MH: We were on tour with The Sword one time, and we were going through Albuquerque, but we weren’t playing there, so we all stayed there for the night. I don’t know if you have ever been there, but it is a crazy kind of city, there is definitely something in the air or the water. We get a hotel and all get rooms on the same floor right next to each other, and we are going to party all night. So we go to this strip club, and get kicked out. [laughs]. Well first Kyle from The Sword gets kicked out of a bar, in the beginning of the night. We were already loaded and they wouldn’t serve him and they are like “Get out of here!” So we show up and Kyle is in the streets so mad, screaming “Let me back in” and another dude from the bar is apologizing profusely because he knows he is in The Sword. So we go down to this strip club, and we are hanging out, doing strip club stuff, you know, and how does the rest of this go?
WE: We had a guy on tour, our camera guy, and I was gone at another bar when they first got to the strip club. When I showed up, there was this woman trying to stab our camera guy with her stiletto, and everybody’s holding her back and she’s screaming about money.

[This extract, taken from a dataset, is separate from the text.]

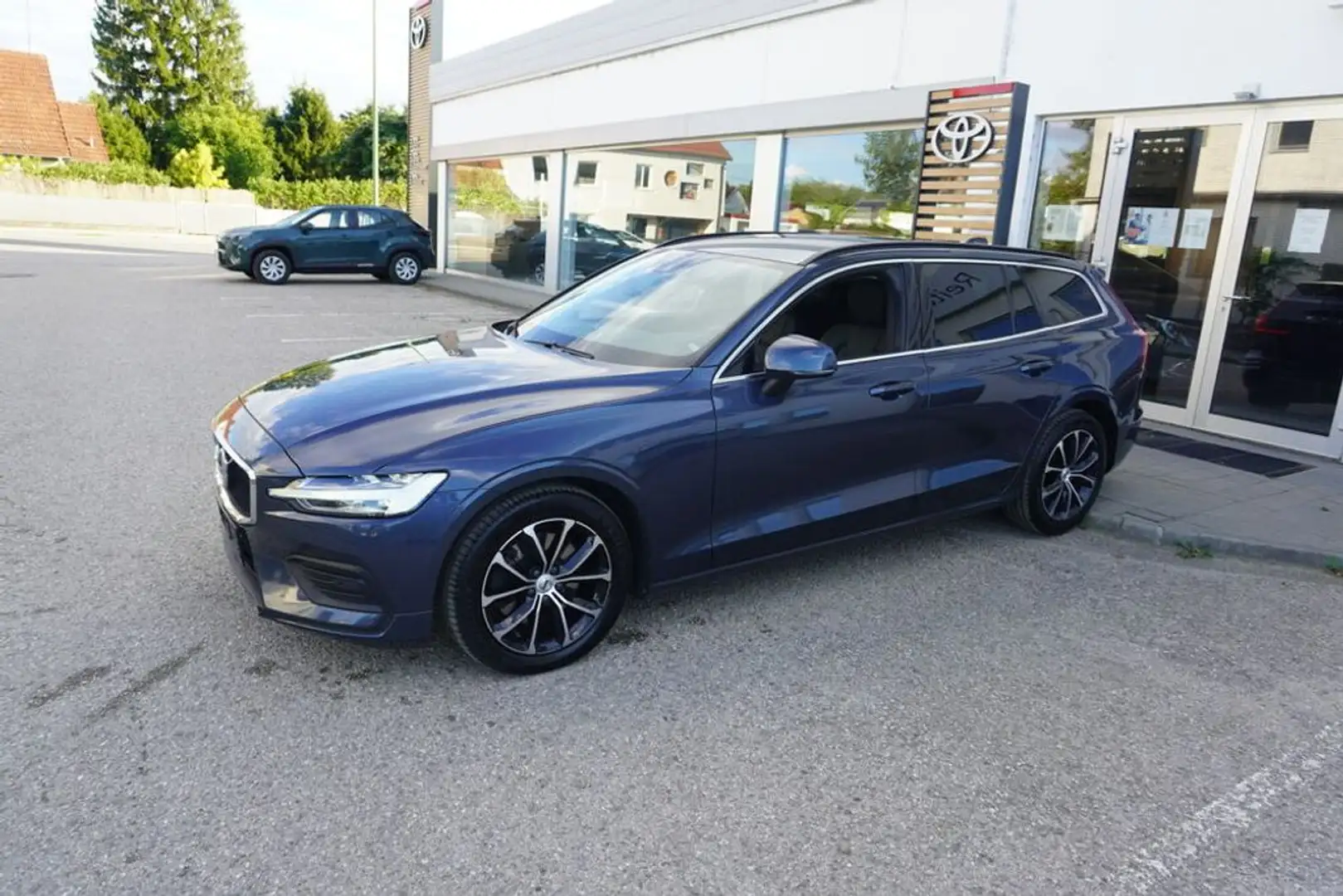 Volvo V60 D4 Aut. *LED*AHK*KAMERA*LEDER* Blau - 2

Apparently he got one dance, and she said it was like five dance, and the bouncers are telling everyone to get out. So I acted like I wasn’t friends with any of them, and sat down at this other chair and finished my drink.
MH: So we were pretty wasted and we met all these people from Albuquerque and we all went back to our rooms on the top floor and had a raging party. All the classics that you would do if you were, say Van Halen, we did all of those things. I literally fell to the carpet at one point and passed out.
JG: That was not a night you got good sleep.
MH: [laughs] No way! But it was fun.